MATERIAL PROVIDED:
Segment Open
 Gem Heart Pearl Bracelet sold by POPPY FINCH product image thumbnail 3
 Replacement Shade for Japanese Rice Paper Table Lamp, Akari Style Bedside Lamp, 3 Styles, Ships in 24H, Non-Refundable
Segment Closed
Segment Open
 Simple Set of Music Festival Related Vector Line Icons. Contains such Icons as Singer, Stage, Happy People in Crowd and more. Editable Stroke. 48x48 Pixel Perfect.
Segment Closed
WORK INSTRUCTION: Please give back exactly the lines of this listing beginning at the line with "Gem Heart Pearl" and ending with the line with "Replacement Shade for", both included, and nothing else.

RESULT OF THIS EXERCISE:
 Gem Heart Pearl Bracelet sold by POPPY FINCH product image thumbnail 3
 Replacement Shade for Japanese Rice Paper Table Lamp, Akari Style Bedside Lamp, 3 Styles, Ships in 24H, Non-Refundable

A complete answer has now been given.